Minutes for the SSTC meeting on August 14, 2007 [DRAFT]

[Anil Saldhana <Anil.Saldhana@redhat.com>]

Proposed Agenda SSTC Concall, August 14, 2007

Dial in info: +1 865 673 6950
Access code: 270-9441#

Roll Call & Agenda Review
19 out of 22 voting members present, have quorum. Quorum was achieved


We need a volunteer to take minutes.  
Anil Saldhana, Red Hat


1. Approve minutes from July 31
http://lists.oasis-open.org/archives/security-services/200708/msg00006.html

Approved


2. Administrative

2.1 News: E-Authentication now supports SAML V2.0
http://lists.oasis-open.org/archives/security-services/200708/msg00010.html
Paul has updated the SSTC home page

2.2 Liberty Interoperability Testing coming up

- Eric:
* Registration information can be found on the liberty website.
* Still not public yet.
* Planning on a SAML interop workshop focusing on eGovernment.
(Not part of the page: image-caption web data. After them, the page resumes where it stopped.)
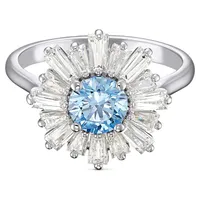 Swarovski Sunshine Ring, Blue, Rhodium plated 5536743- Core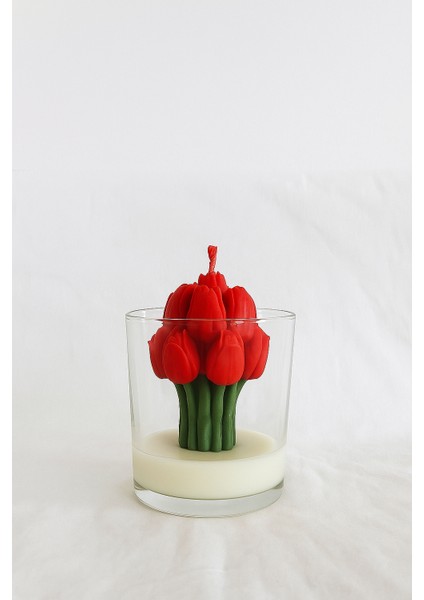 koyu kırmızı dekoratif lale mum buketi Hediyelik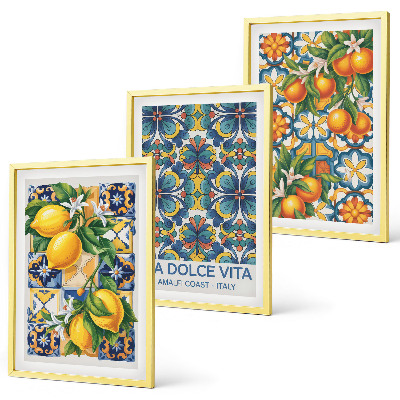 Set di quadri incorniciati motivi di fiori di limone e arancio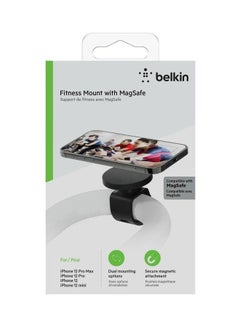 belkin Fitness Mount with MagSafe (for Gym Equipment, Magnetic Cellphone Mount Holder Handlebar Strap for Indoor Cycling, Treadmill, Spin Bike, Elliptical for iPhone 14, iPhone 13, iPhone 12 series) Black  - Image 3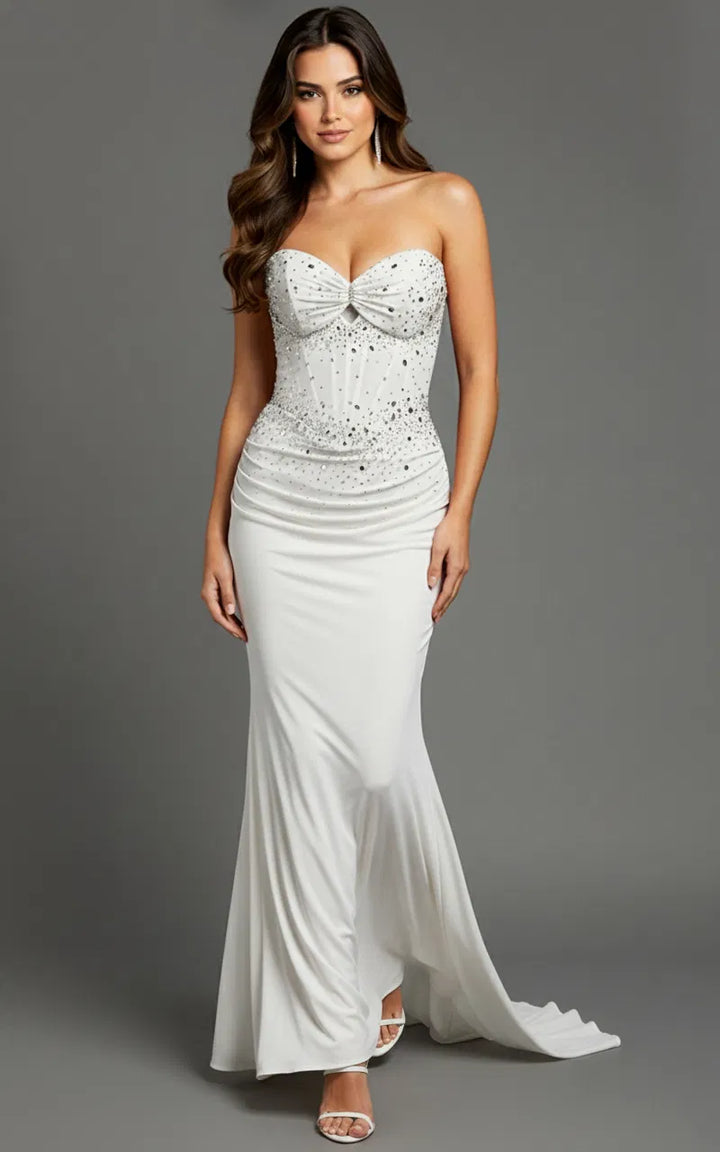 Jovani 48372 Rhinestone Embellished Sheath Prom Dress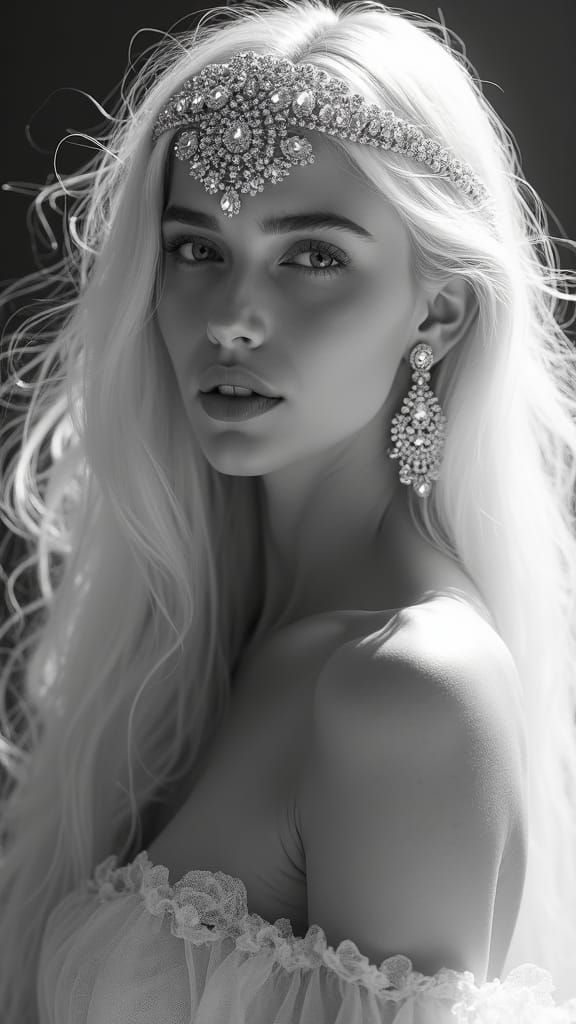 Striking Black and White Portrait of a Beautiful Woman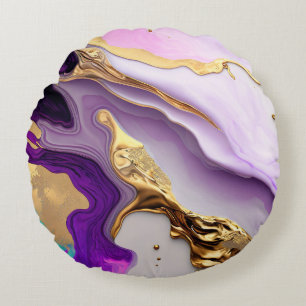 Amethyst & Blush Marmor mit flüssigem Gold Rundes Kissen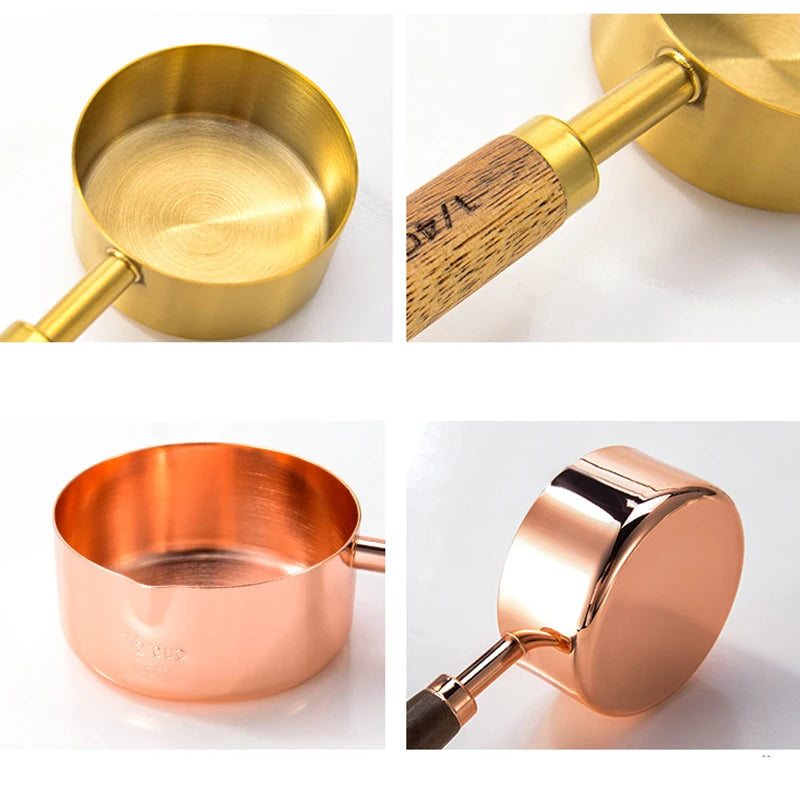 8Pcs Stainless Steel Measuring Cup Gold-plated Measuring Spoon Acacia Wood Handle Measuring Spoon Measuring Tool Set of Eight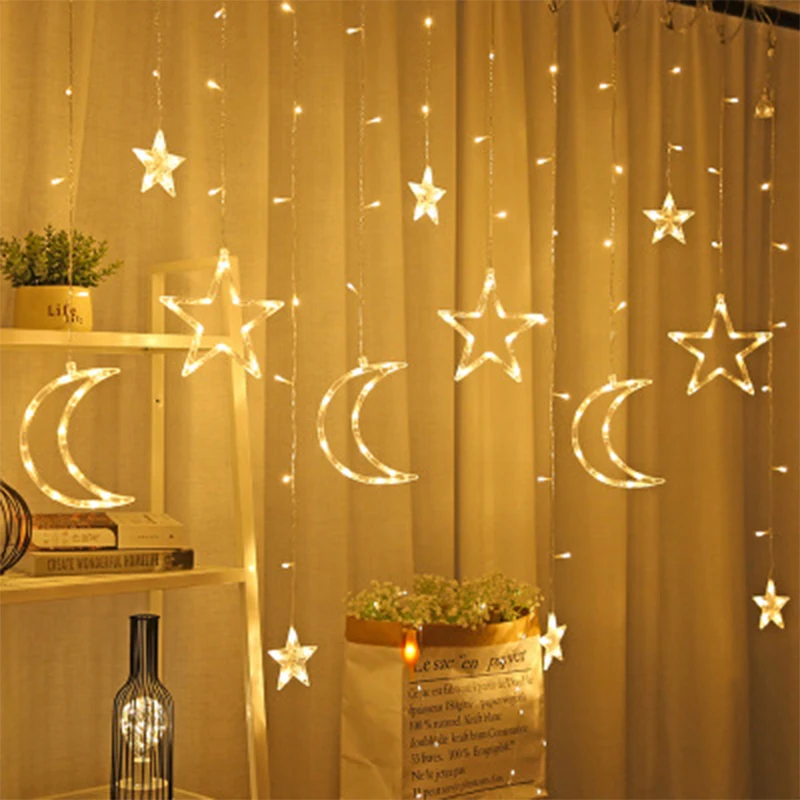 

3,5 meter sterne mond String Licht led Mit Batterie Box Garten Party Decor weihnachten Lampe home party Fee Draht warme wei 2021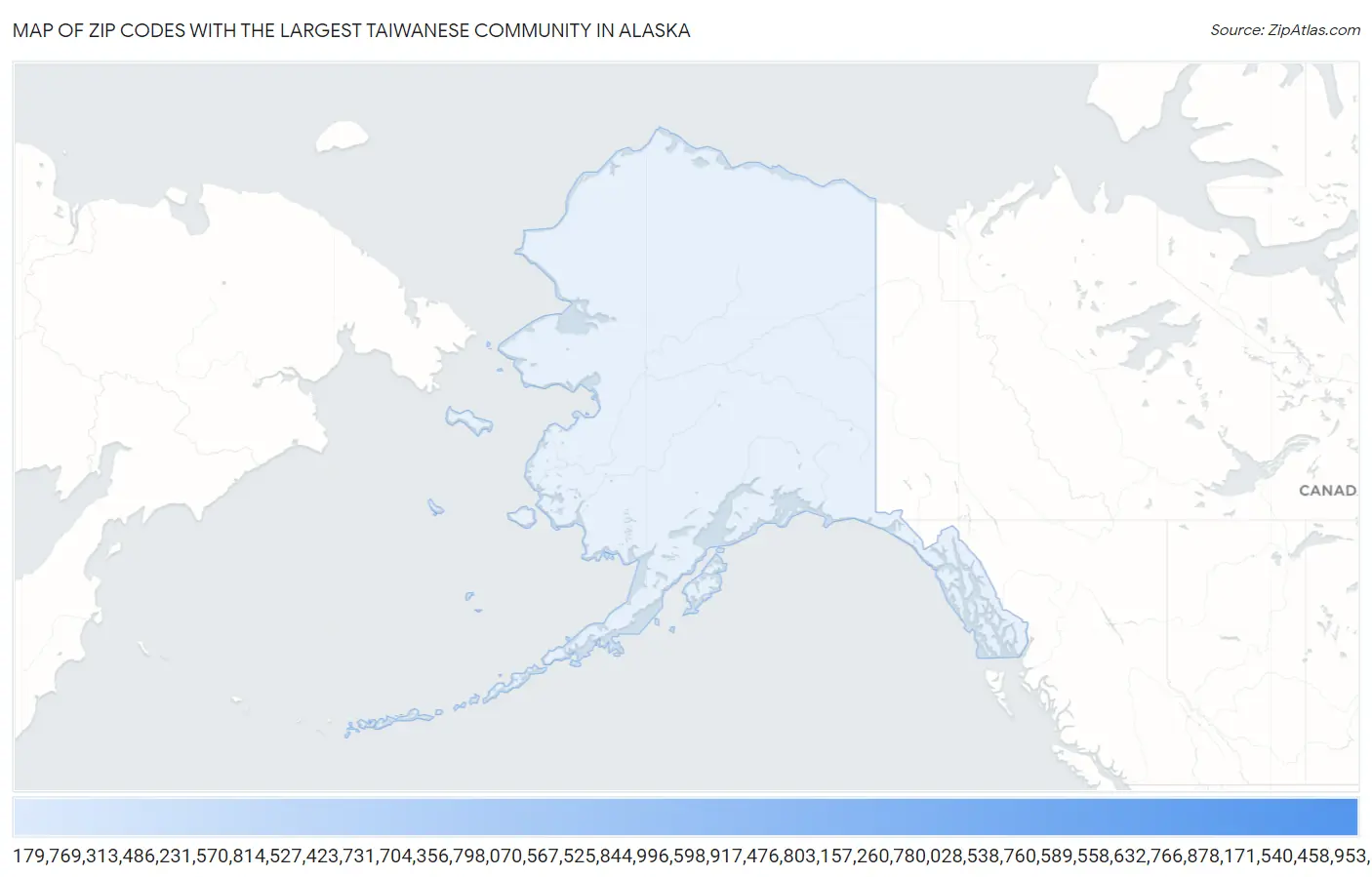 Zip Codes with the Largest Taiwanese Community in Alaska Map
Sept 17-21.
* IEEE Head Quarters at Piscataway, NJ

2.3 SAML Auth Contexts extension work
http://wiki.enisa.europa.eu/index.php?title=Authentication_Interoperability

* Guest invited (Giles) from ENISA to discuss some informal work done on 
AuthContext extension.
* Giles-
  - collecting use cases on the wiki.
  - feels that it is relevant to the SAML standard.
  - Tokens issued from a government standard.
  - some way of abstracting info for easier understanding by users.
  - Privacy features of Authentication Token.
  - Reputation needs to be associated with authentication.
    -- E-Reputation an important aspect of authentication (Electonic 
Passwords/ID Cards)

* TC Questions:
  - Evidence that authentication context is used for Trust?
  - Some work going on in ITU Identity Group.
  - Scope of work for the TC.
    -- Either work with TC to standardize or develop it as a third party.
    -- Giles wants to standardize it via the TC.
  - Apart from the privacy(which is orthogonal), every other aspect 
seems to fit in the AuthContext work.
  - Privacy may be better handled in the authorization context language 
such as XACML TC.
  - The type of credential used for authentication has a privacy aspect 
which is in scope for this TC.

Conclusion:
Draw up a proposal and the TC can have a chartered discussion.
Next step from Giles is to create some requirements from SAML 
AuthenticationContext.


2.4 Metadata and DNSSEC
http://www.oasis-open.org/archives/saml-dev/200708/msg00001.html
and
http://www.oasis-open.org/archives/saml-dev/200708/msg00002.html

Conclusion: Normative change needed if there was a direct reference. If 
not, no change.

* General question from Bob Morgan about possible intersection between 
SAML and Kerberos (after
a recent topic from IETF)


3. Document Status

3.1 Docs on their way to Oasis Standard
3.1.1 Metadata Profile for the OASIS Security Assertion Markup Language
(SAML) V1.x
CS Version now done
OASIS admin notified 8/13

Conclusion:
- Mary has not reviewed them yet. 
- Will be a Oasis standard in a week or two

3.1.2 Metadata Extension for SAML V2.0 and V1.x Query Requesters
CS Version now done
OASIS admin notified 8/13

Conclusion:
- Same as 3.1.1

3.2 SAML V2.0 Errata
Public Review ended 31 July 2007
SSTC home page has been updated.  Next steps?

Conclusion:
- Since there have been zero public comments, we will need one more TC 
vote before taking it public.
- Hal motioned for acceptance of Errata Document. Eve seconded the motion.
- Unanimous Consent - APPROVED

3.3 Docs pending public review
2.3.1 Documents needing conformance clauses
*SAML V2.0 Attribute Sharing Profile for X.509 Authentication-Based
Systems (Tom maybe has done this)
*SAML V2.0 Deployment Profiles for X.509 Subjects (also Tom)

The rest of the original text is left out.